Rolling Acres Mall was a shopping mall located in the Rolling Acres area of Akron, Ohio, United States. Built in 1975, it originally included approximately 21 stores, with Sears as the main anchor store. Later expansions added several more stores including anchor stores JCPenney, Montgomery Ward, and O'Neil's, along with a movie theater and food court. Montgomery Ward was converted to Higbee's in 1986, and then to Dillard's in 1992, while O'Neil's became May Company Ohio, Kaufmann's, and then finally Macy's. The fifth anchor store was Target, added in 1995. At its peak, the mall had over 150 stores. It underwent a sharp decline in tenancy throughout the 1990s and into the first decade of the 21st century, resulting in the relocation of Target and closure of Dillard's. Macy's and the mall itself both shuttered in 2008, although Sears remained operational until 2011, and JCPenney as an outlet store until 2013. Rolling Acres Mall was publicized after its closure as an example of a dead mall, and non-retail ventures operated out of the former locations of Target, Sears, and Dillard's. The mall was finally demolished in stages between 2017 and 2019, with Amazon building a distribution facility on the former site soon afterward.

History
Rolling Acres Mall was developed by Forest City Enterprises and Akron, Ohio-based developer Richard B. Buchholzer. The developers chose the  site, along Romig Road on Akron's southwestern side, between 1964 and 1966 after conducting studies which revealed that several major department stores had expressed interest in that area. In 1971, Buchholzer received a $500,000 permit to begin clearing and grading land along Romig Road for the mall's site. Developers also had to acquire two other permits from the city: one to excavate earth required to build the mall, and another for construction. In addition, the city of Akron budgeted $1.1 million toward highway and sewer improvements along Romig Road, to accommodate for the projected traffic increases brought on by the mall's opening. By mid-1973, Sears had been confirmed as the mall's first anchor store. Construction of the mall required the relocation of two natural gas lines. Serving as architect was the Keeva Kekst Association of Cleveland, Ohio.
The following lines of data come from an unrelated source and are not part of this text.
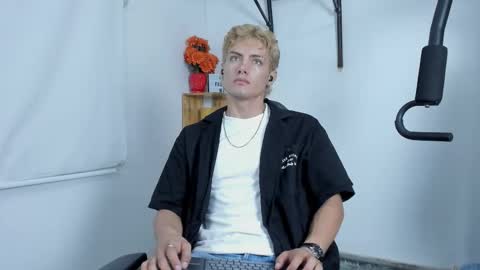 Snapshot of lover_fitnessboy chatting on September 2025 03:50:02 AM kevin online show from September 2025 03:50:02 AM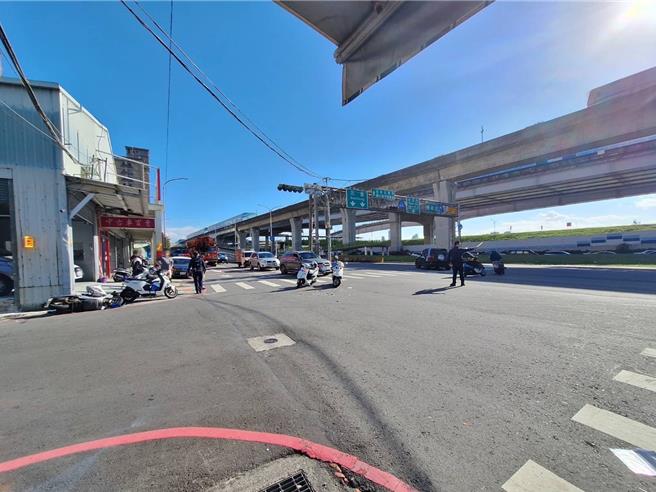 42歲曾姓男子今（21日）上午8時許，開車行經新北市環河南路欲左轉三重區成功路50巷，疑因未禮讓直行車，擦撞49歲黃姓男騎士。（翻攝畫面）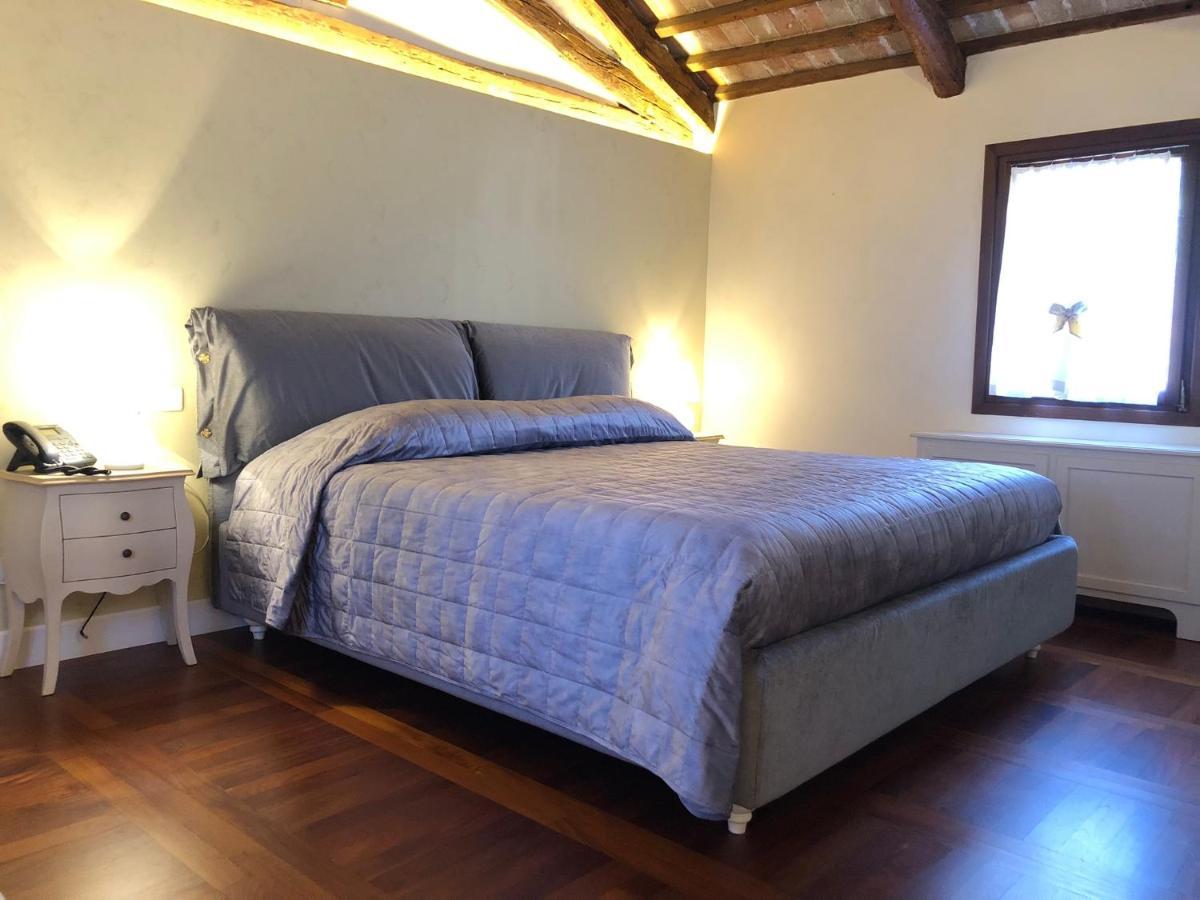 Hotel Donna Lucia Ponzano Veneto ภายนอก รูปภาพ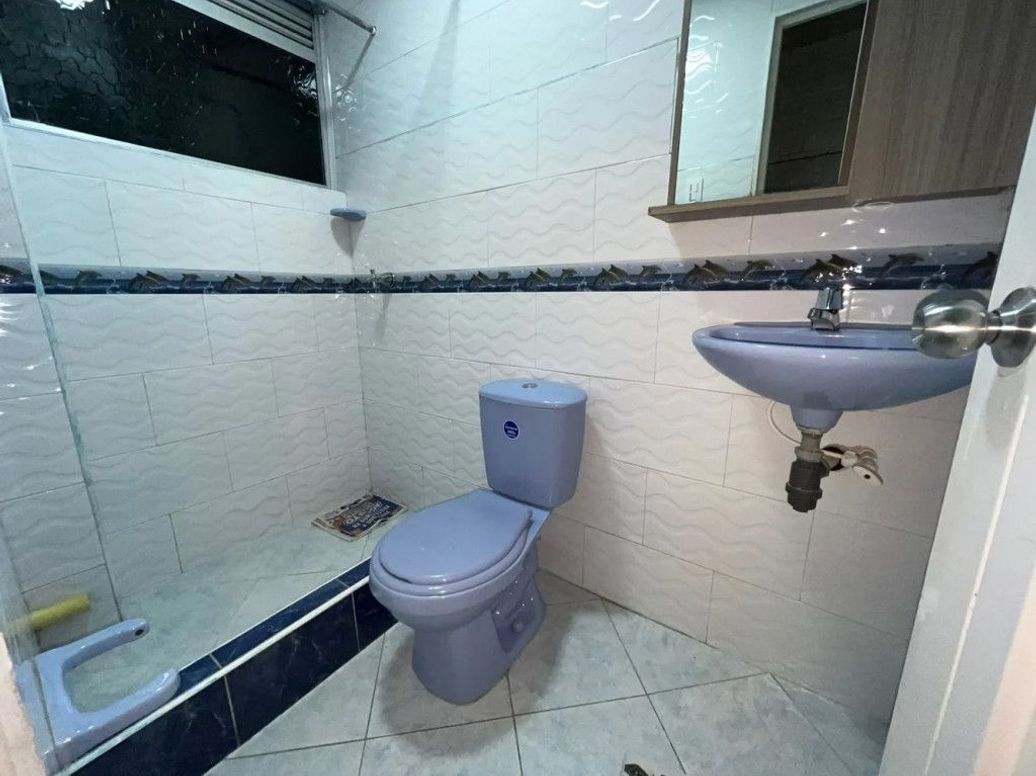 Casa de 9 alcobas en venta en Santa Lucía, Bogotá, 450 m² · foto 12 de 13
Due to the slow speed at which Forest City Enterprises had begun land clearing and construction, then-city councilman Ray Kapper sent a letter to the developers in July 1973, threatening to repeal the zoning permit for the mall. Kapper later withdrew the repeal after representatives of Forest City Enterprises agreed to sign an assessment that included written plans for the mall's timeline. At this point, company representative Mel Roebuck had announced that in addition to Sears and 60 other stores, the mall would contain a JCPenney, and that development beyond land clearing would begin within a month. JCPenney would relocate from Wooster-Hawkins Plaza, a plaza located about  to the north. This announcement caused concern among retailers at that plaza, particularly since its other anchor store, a Clarkins discount store, had just closed. Construction of the mall cost over $100 million and employed over 1,200 workers.

1970s
The first phase of the mall, consisting of Sears and 21 other stores, opened to the public on August 6, 1975. Among the tenants open for business on that day were Sears, Rite Aid, Kinney Shoes, Chess King, Thom McAn, Waldenbooks, Claire's, B. Dalton, GNC, The Limited, and Jo-Ann Fabrics. The design of the mall featured a central court known as the Court of Twelve Trees, decorated with twelve Ficus microcarpa trees, along with planters, skylights, and a fountain. Altogether, the mall was to include over 120 tenants.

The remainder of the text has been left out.